The natural person does not accept the things of the Spirit of God, for they are folly to him, and he is not able to understand them because they are spiritually discerned. The spiritual person judges all things, but is himself to be judged by no one. “For who has understood the mind of the Lord so as to instruct him?” But we have the mind of Christ.
excerpt from the English Standard Version of Paul's first Epistle to the Corinthians 
Religion has been described by some as a human striving upward to discover the divine. In contrast, Christianity has been described by others as God’s descent downward in revelation to humanity.

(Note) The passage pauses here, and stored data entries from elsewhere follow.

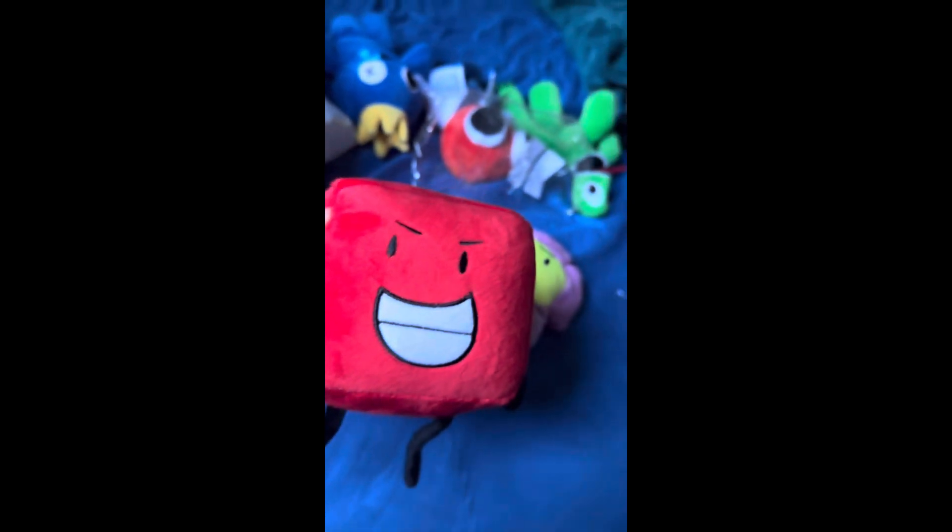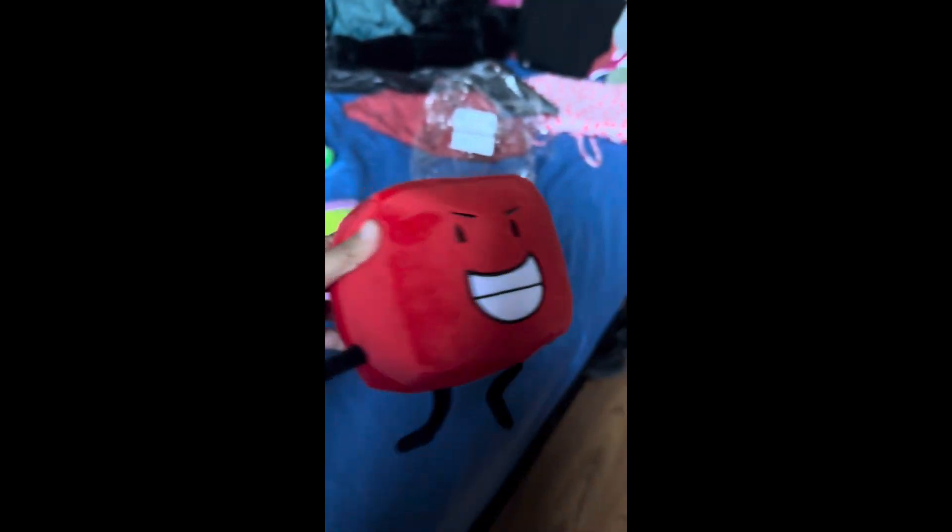So the last plush is Blocky. Here he is, Blocky. Okay, it's actually not that bad. Here he is. It's actually a kind of cool design. I'll give it like a ten out of ten. Oh my god.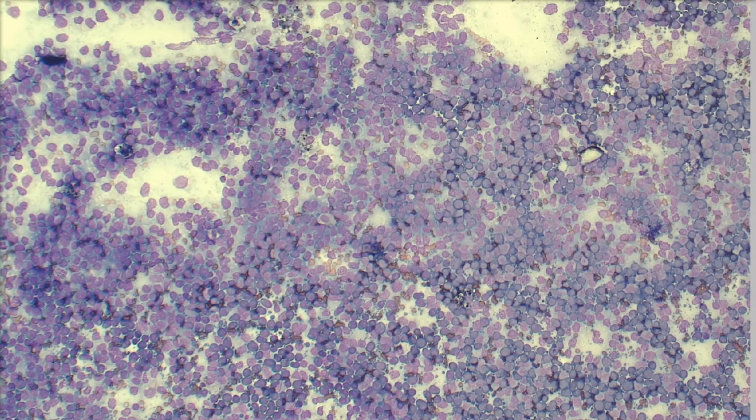Hey everybody! Welcome to another 5-Minute Rounds. How exciting! I am super excited to show you this case. It is an absolutely beautiful sample. This vet did such a good job preparing this sample that I just had to show you.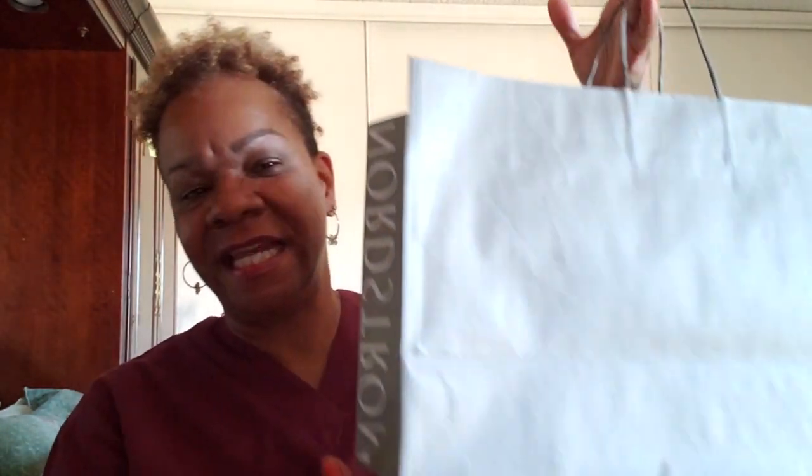Hello everyone and welcome back to my channel. Today I'm here to do a little quick unboxing. You can see this bag says Nordstrom right here. My mother and I went shopping at South Coast Plaza a few days ago, and she purchased some shoes and I purchased some shoes as well — at Macy's and then we went to Nordstrom.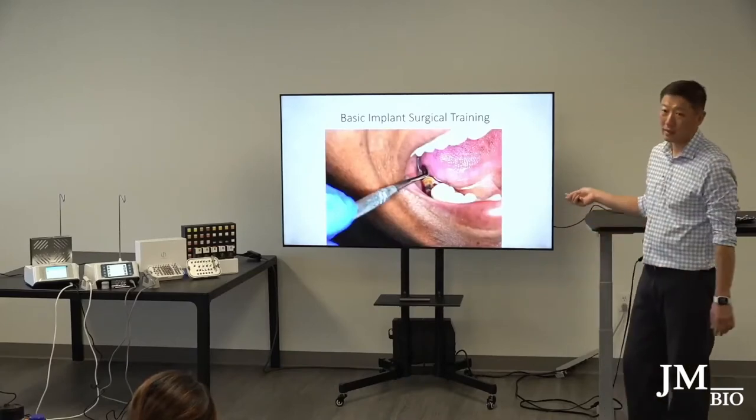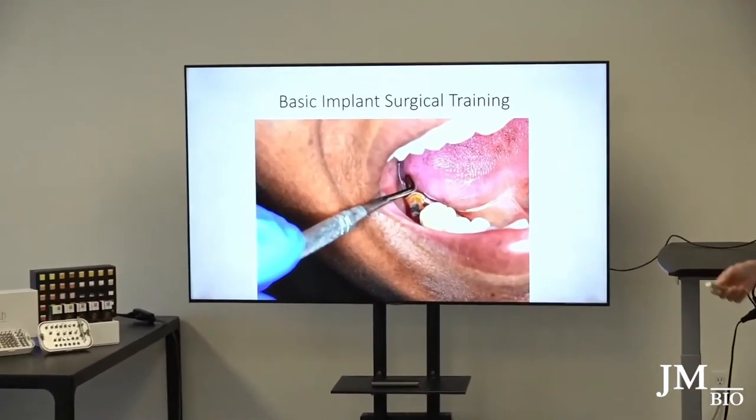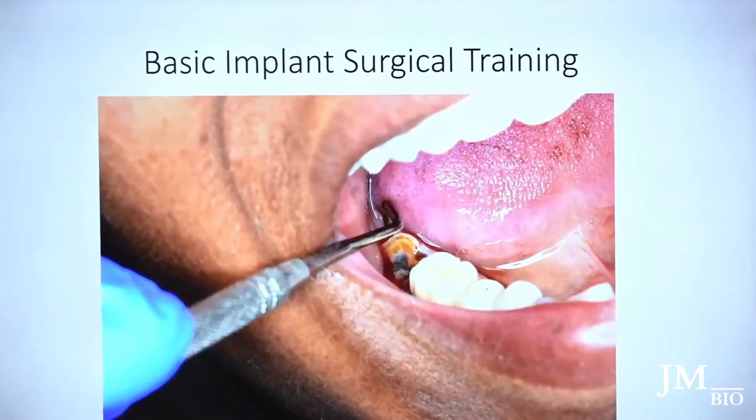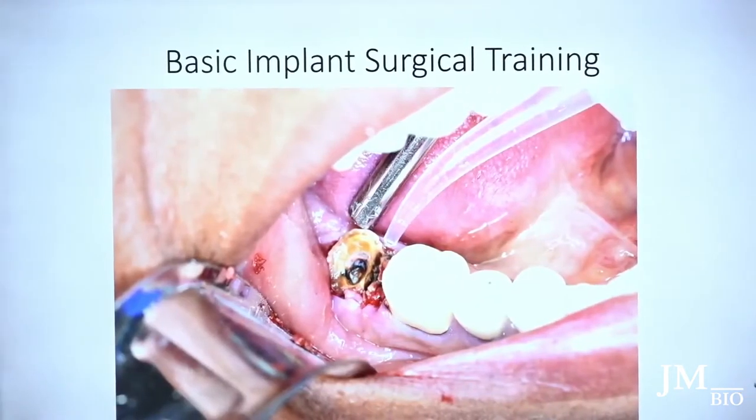I love using the Orban knife — that's one of my preferences. Everybody has their own preferences. I go around the tissue to separate it from the tooth, then split the tooth. Whatever you need to do to take the tooth out as atraumatically as possible. I haven't laid a flap — I'm just going around the tooth and separating the bone and gums.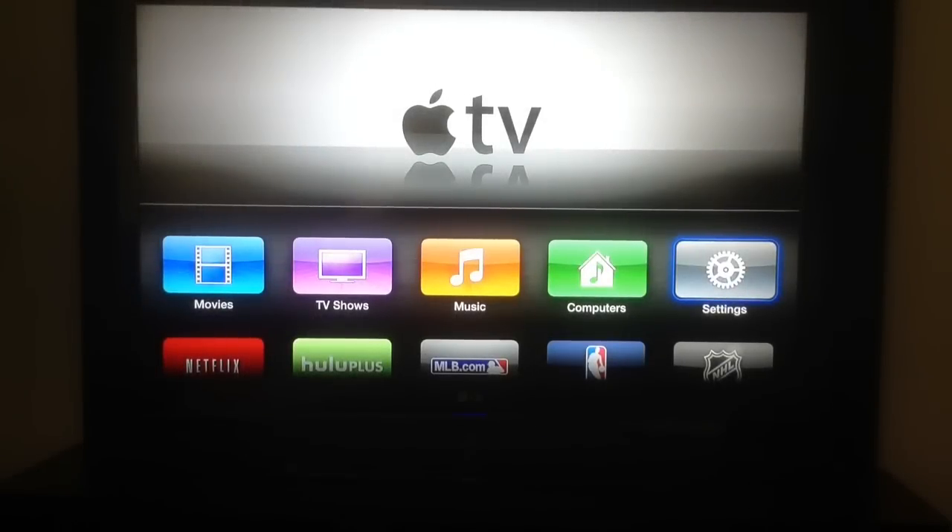Hey everyone, it's Kandyvin the Gadget God, doing another video for Geek Insider, and today I'm going to do a tutorial on Apple TV.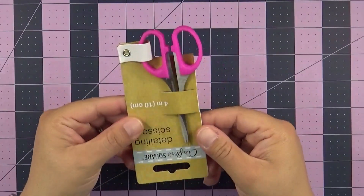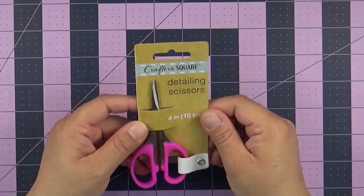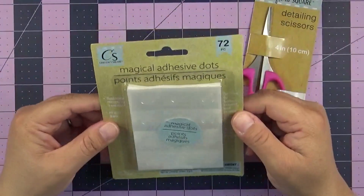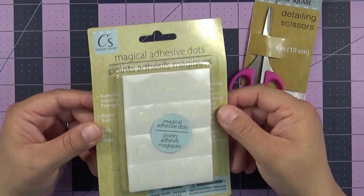If you guys follow me on Instagram, I did show you guys that I was able to find these right here, which is the detailing scissors. And then I also got the magical adhesive dots — you get 72 of them.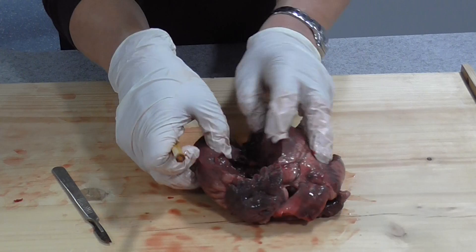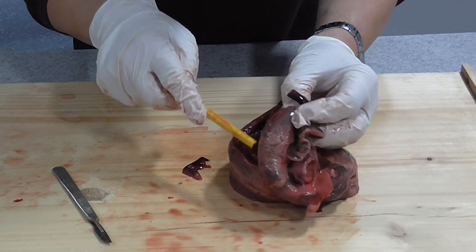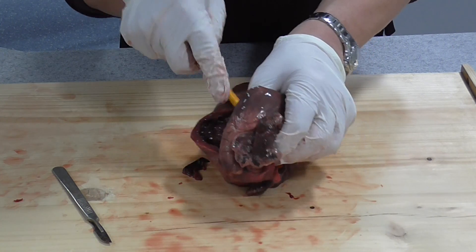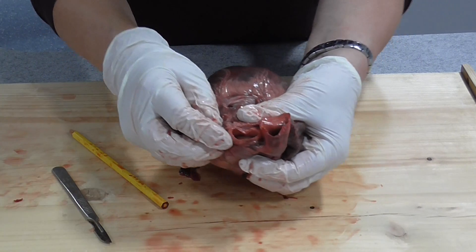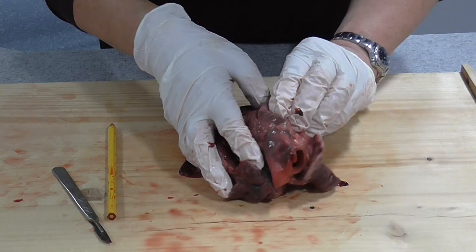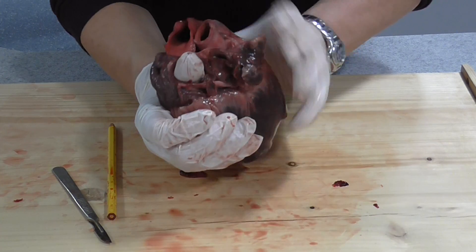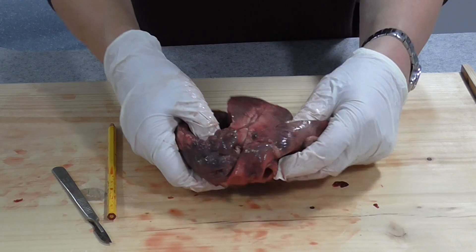Going back to the right side of the heart and doing the same with the pencil, it should come out of the pulmonary artery - the pulmonary artery going out to the lungs, coming from the right ventricle. The other blood vessels we can see at the top: on the right side, leading into the right atrium, is the vena cava - though most of it is missing here. On the left side we have the pulmonary vein, which carries blood back from the lungs into the left atrium.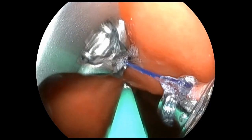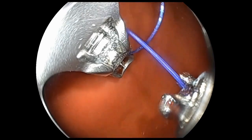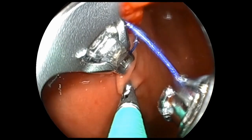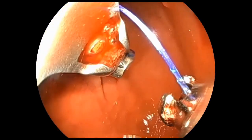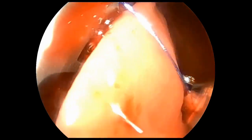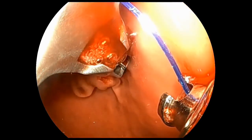The ESG procedure commences at the level of the incisura. The mucosa is firmly grasped and pulled toward the endoscope, allowing for full-thickness suture placement. This process is repeated every 0.5 to 1 cm from the anterior to posterior aspects of the greater curve. Note that care is taken to always open and close the grasping forceps beyond the suturing system, to avoid entrapping the grasper within the suturing tower. The needle is driven perpendicular to the gastric tissue, ensuring a full-thickness bite.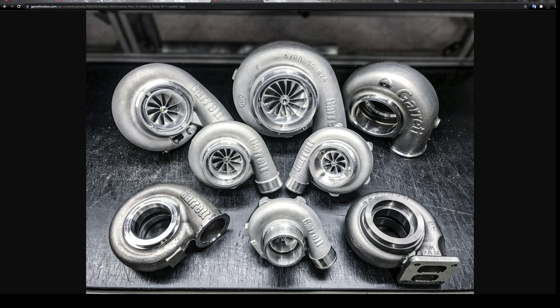Turbochargers are rated by how much air they can move, and you can calculate how much horsepower you can make with an appropriate amount of fuel by how much air you're ingesting into an engine. So we just need to know how much horsepower you want to make. With any turbocharger, the first thing we need to know is your horsepower goal. If you want 500 horsepower, we can't get you a turbocharger that makes 400 — we have to get you one that makes 500 or more.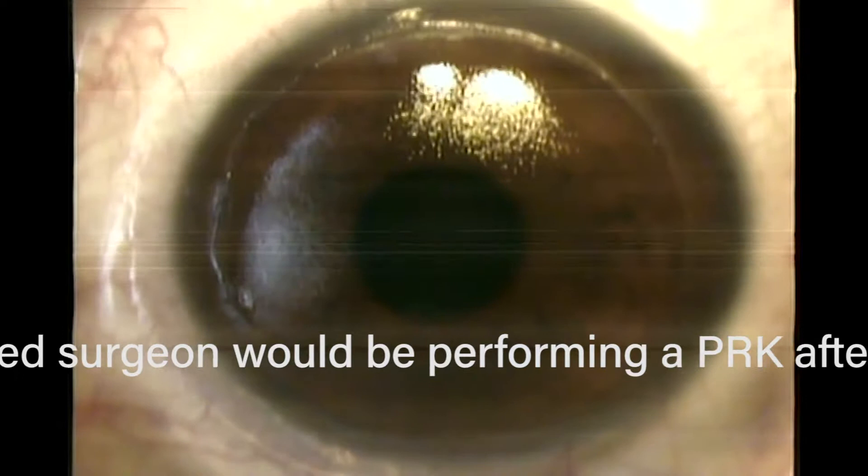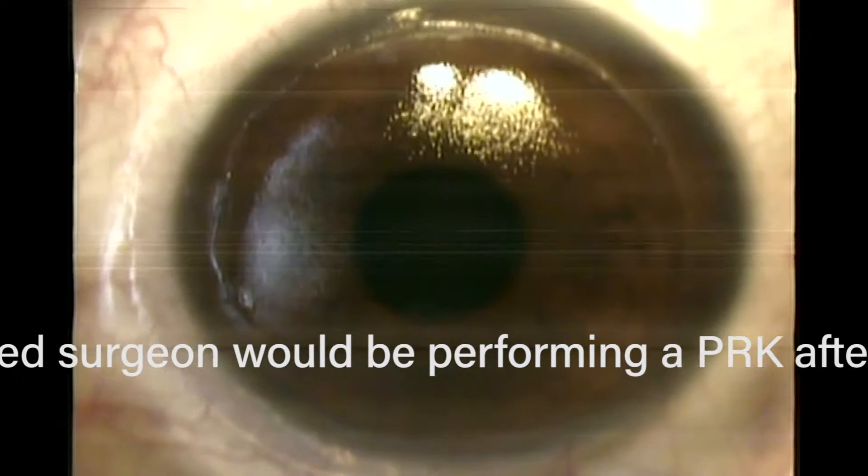It's still not a PRK, which we're going to narrate next. You can see it's a very clean edge. When you look at the edge of the cornea epithelium junction, it's totally clean, and that's why it grows back so quickly and there's no pain. The patient's looking around now, but it really doesn't matter because the laser is done.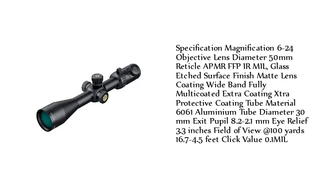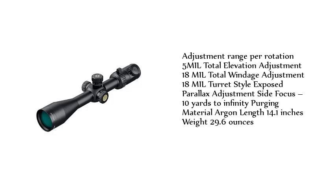Specifications — Magnification: 6-24. Objective Lens Diameter: 50mm. Reticle: APMRF FPIR MIL. Glass Etched. Surface Finish: Matte. Lens Coating: Wideband Fully Multi-Coated with Extra Protective Coating. Tube Material: 6061 Aluminum. Tube Diameter: 30mm. Exit Pupil: 8.2-2.1mm. Eye Relief: 3.3 inches. Field of View at 100 yards: 16.5 feet. Click Value: 0.1 MIL. Adjustment Range per Rotation: 5 MIL. Total Elevation Adjustment: 18 MIL. Total Windage Adjustment: 18 MIL. Turret Style: Exposed. Parallax Adjustment: Side Focus, 10 yards to infinity. Purge Gas: Argon. Length: 14.1 inches. Weight: 29.6 ounces.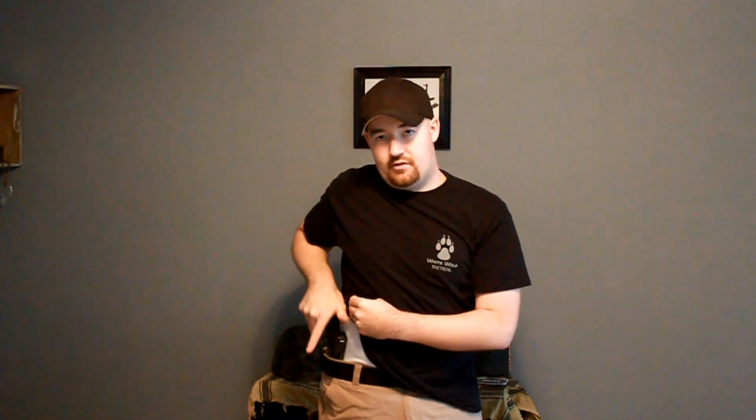The amount of time and effort he puts into his products — they really do look like a work of art. Being inside the waistband, I wear this more for summer carry with less clothes on. As you can see with the t-shirt, there's really not a whole lot of printing. The draw is nice, there's retention there, but it's nothing that's going to hold you up or easily come out either. The gun is empty.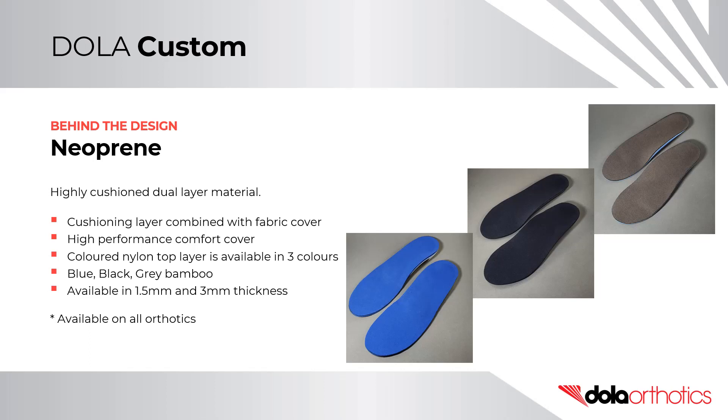Neoprene is a highly cushioned, dual-layer material, combining a cushioning layer with a fabric top cover. The coloured nylon top layer is available in three colours: black, blue, and grey bamboo. It is available in both 1.5mm and 3mm thicknesses, and is available on all custom and prefabricated orthotic devices.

What do you think about this statement?
I think it's reaching to say this is a contrast of statements from "some" and "others." In my experience, I have only ever heard Christians make either of these statements. I don't necessarily disagree with the sentiment; though I do worry that it betrays a certain ignorance of the perspectives of non-Christians; that it serves more to bolster our own pride rather than to proclaim the gospel.
Why was Paul careful not to use eloquence or wise words and persuasive speech in proclaiming the gospel to the Corinthians (1Cor.2:1–5)? What did Paul use instead?
Paul did not want the Corinthians faith to "rest in the wisdom of men but in the power of God."  Even if Paul used eloquent words to spread Truth, the eloquence itself might be used to undermind himself in pride, or to undermine the Truth by misdirecting attention. By sharing the Truth simply, there are no distractions.
What type of wisdom did Paul speak?
"Not a wisdom of this age or of the rulers of this age [but] a secret and hidden wisdom of God, which God decreed before the ages for our glory." 
Jesus said in John 16:13 that when the Spirit of truth comes he will lead you into all the truth. How is Paul saying something similar?
Paul says that "no one comprehends the thoughts of God except the Spirit of God" and that "we have received [...] the Spirit who is from God, that we might understand the things freely given us by God." Further, that "we have the mind of Christ." 
I find this particularly interesting in relation to other studies that I am working through; because sometimes we are exhorted by modern teachers and traditional theology that, because God's ways are higher than our ways, we cannot question where theology draws conclusions that seem counter to our understanding of good. Here Paul encourages us that, if we are in Christ, we should be able to understand what is good (and Christ also seems to expect the same of the people he ministers to.)
When have you sensed the Holy Spirit was guiding you or leading you in your life? What were signs of this?
I think the Holy Spirit guides us at all times; the question is whether we prioritize that Spirit or what remains of our flesh. As a result, I feel the Spirit's leading most in retrospective meditation, when I see all that God has done in my life, against all likelihood.
What helps you listen to the Spirit? What hinders you?
Prayer. Meditation. Calm. And just acknowledging the Truth of what is good to myself.